Because that's how you point at one. Yes, I know xml:id= merely
supplies an ID and thus can be pointed at by IDREF, but you weren't
suggesting that, were you?

> * @lang doesn't point to <lang> but to <language> and would
> continue to do so

Right, sorry for the slip. But I think you may be missing my point,
because you say "would continue to do so" as if that were a good
thing, whereas my point was that it would continue to do so, and
that's a bad thing because software vendors would have to deal with
it.

> * @xml:lang if supplied can only provide an RF6 3066 code, so
>   doesnt need to point to anything -- my guess is that many people
>   who are fed up with having to supply a <language> element would
>   regard this as a big step forward!

Right. But again, my point is that software reading a P5 file would
need to be prepared to handle both lang= and xml:lang=, even in the
same document. The big step forward (not needing a <language>) is
available to P5 users whether or not we implement the "lang= OR
xml:lang=" proposal.

> depends what you think the right thing is. i think that handling
> id/idref is all that's involved, and there are hundreds of
> processors that do that

I don't understand. First, what software other than validators (which
don't actually *do* anything, really) and XSLT style-sheets (which, if
I understand correctly, will be quite easy to convert) handle
ID/IDREF of lang= and <language>? In my mind, the right thing is
going to be processing of the content in a manner that's dependent on
its language. E.g.m, speaking German passages in German; or different
coloring in printed output; or looking up a word in a
language-specific dictionary when it's clicked.

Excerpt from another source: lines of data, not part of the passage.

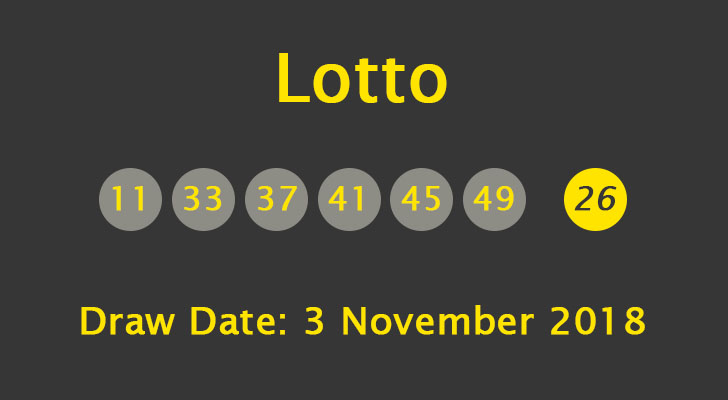 South African Roulette Payouts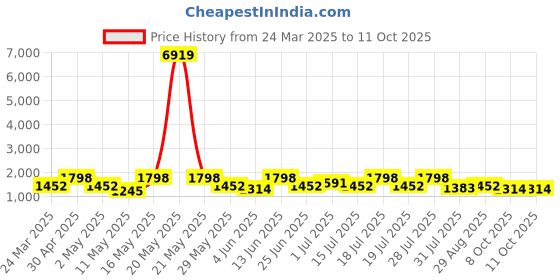 myntra.com all about you Ethnic Motifs Zari Pure Silk Banarasi Saree all about you Price History Graph from 24 Mar 2025 to 11 Oct 2025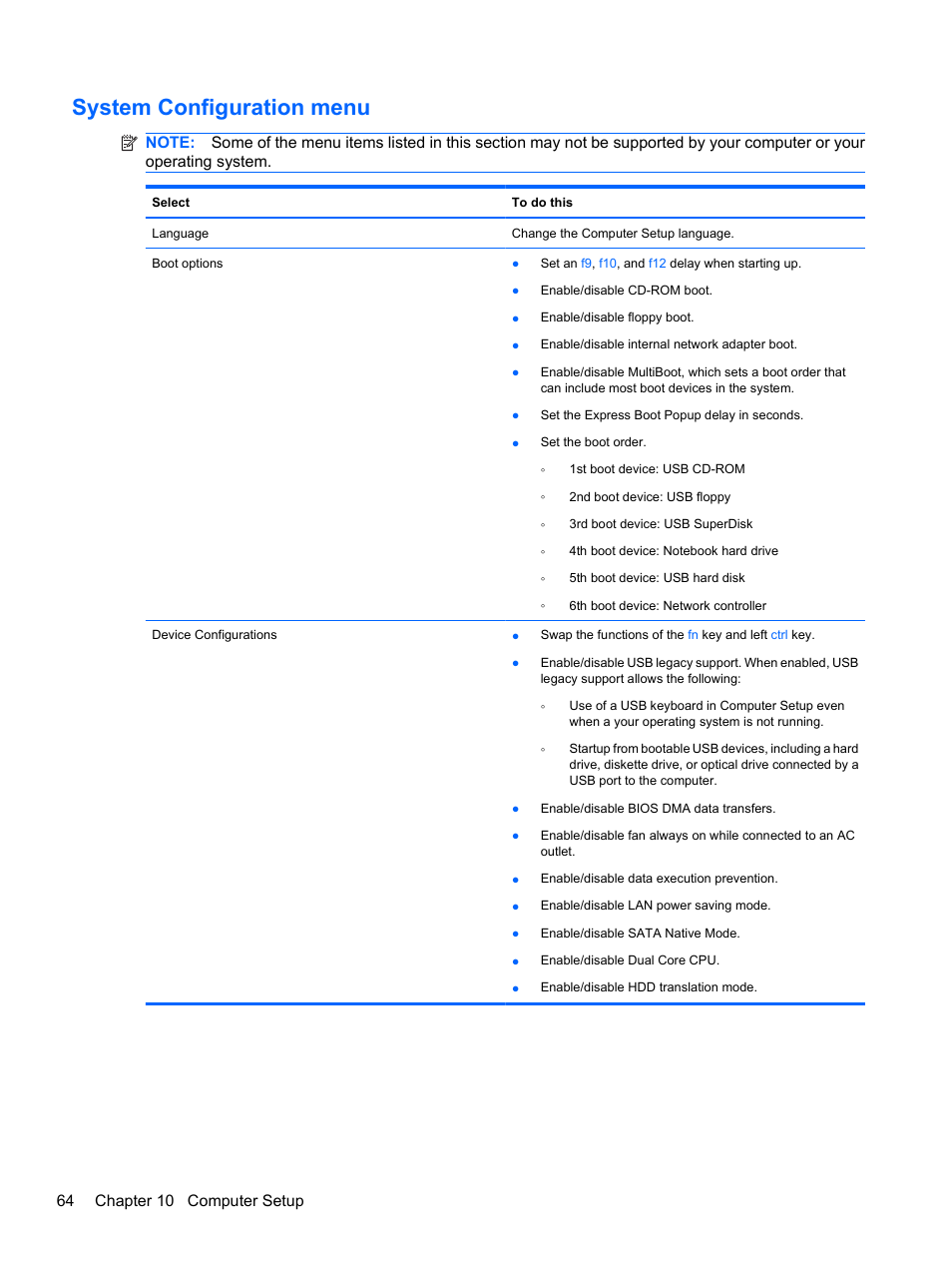 System configuration menu, 64 chapter 10 computer setup | HP ProBook 5220m Notebook PC User Manual | Page 72 / 77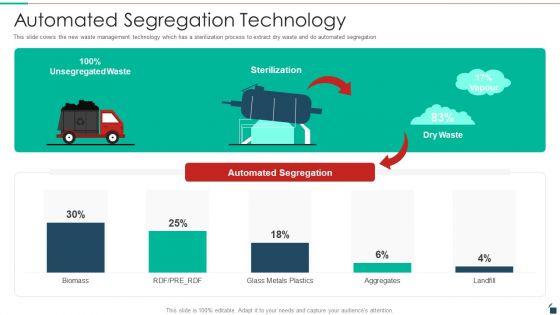 Automated_Segregation_Technology_Resources_Recycling_And_Waste_Management_Structure_PDF_Slide_1.jpg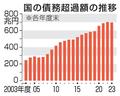 国の「債務超過」額６９５兆円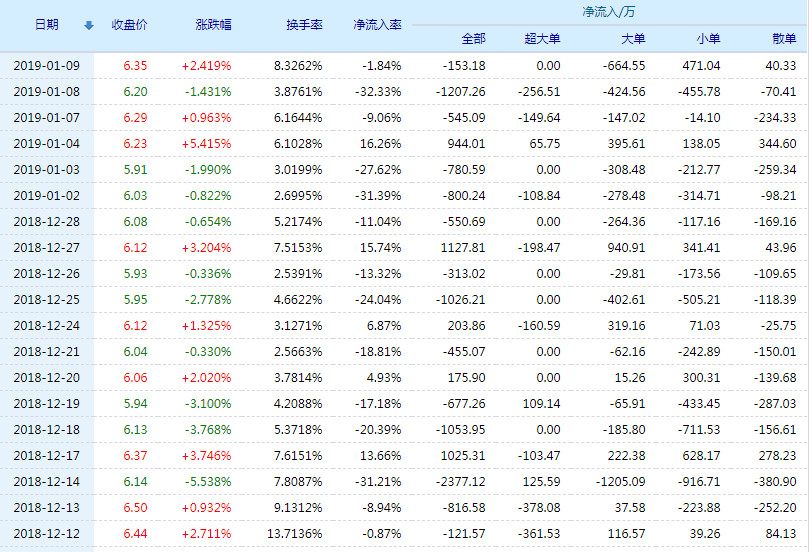 迪生力股票，梦想的力量之源，一路向前成就辉煌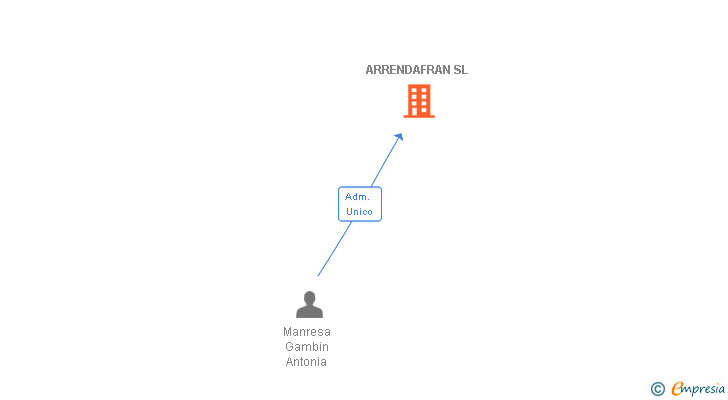 Vinculaciones societarias de ARRENDAFRAN SL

> > For xml:id=, I can't imagine that there won't be software to
> > perform instance conversion.
> Data conversion is always possible, of course. The aim here is to
> reduce the number of times it is *essential*.

I suspect you've misspoken here, in that this aim doesn't support
your position -- data conversion is essential in 100% of cases,
whether or not we go with the "id= OR xml:id=" proposal.

Perhaps what you meant was that the aim here is to reduce the number
of things that have to be changed or the number of steps in the
conversion process?

> > However, if this "choice of lang= or xml:lang= but not both"
> > proposal is not adopted, then those converting legacy data will
> > have to go about creating a look-up table that will convert their
> > local lang= values (which are by definition arbitrary IDREFs)
> > into xml:lang= values (which will be by definition RFC 3066 or
> > its successor language tags).
> No they won't. My proposal is exactly that they don't have to
> convert their instance data at all.

Right. The above quoted passage starts with "... is *not* adopted
..." (emphasis added). But that said, 100% of all P4 instances will
have to be converted. None will be valid P5 without some conversion.

> > The main problem I foresee pertains to people who have stretched
> > the meaning of "language" a wee bit, and have things like
> >   <eg lang="xml">
> > and
> >   <formula lang="TeX">
> > in their files.
> 
> This problem will raise its head in the <language> element
> indicated (of which there will, by definition, be only one
> instance). That has an ISO639 attribute which should give the
> intended correspondence, of course.

There is no ISO639 code for either XML or TeX. But now that I think
about it, if such people are willing to stretch the meaning of
"language", they probably won't mind (ab)using the private use tags
("x-") of 3066, and won't have much of a problem.